3 3/4 cup light coconut milk (30 ounces) ( Approx 2 cans)
6 ounces boneless, skinless chicken breasts, cut into thin strips
2 fresh lemongrass stalks, trimmed and thinly sliced
2 scallions, thinly sliced (about 3 tablespoons)
3 to 4 Thai Dragon chiles (red, green, or a combination), thinly sliced into rings, plus a sprig for garnish
5 tablespoons fresh lime juice
3 tablespoons Thai fish sauce
3 sprigs fresh cilantro, shredded, plus more leaves for garnish
Bird chiles, for garnish

** Fresh Lemongrass can be frozen since it is often difficult to get at the groc. store.

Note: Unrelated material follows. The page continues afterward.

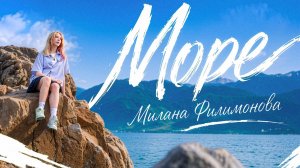 МИЛАНА ФИЛИМОНОВА - Море ﹤ Премьера Клипа 2026 ﹥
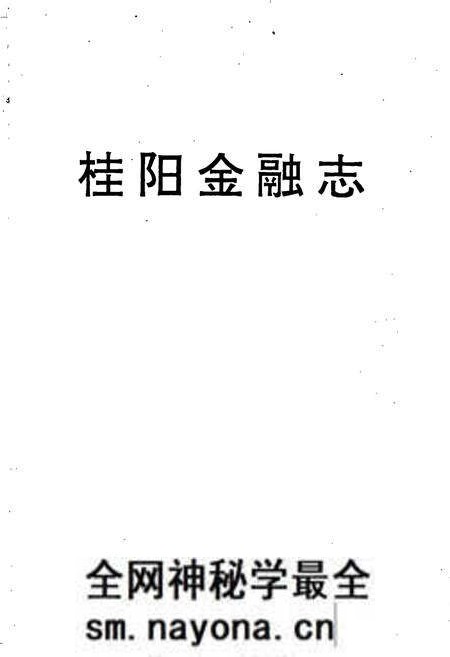 《桂阳金融志》.pdf电子版_湖南省志预览图1 《桂阳金融志》.pdf电子版_湖南省志预览图1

Bring coconut milk to a boil in a medium saucepan. Add (uncooked) chicken and lemongrass. Reduce to a simmer, and cook, stirring occasionally, until chicken is just cooked through, about

    4 minutes

Stir in scallions (2 stalks) and Dragon chiles (or serrano / jalapeno to taste) , and cook until heated through, about 30 seconds. Remove from heat. Stir in lime juice, fish sauce, and shredded cilantro. Garnish with cilantro leaves and Bird chiles. Serve immediately.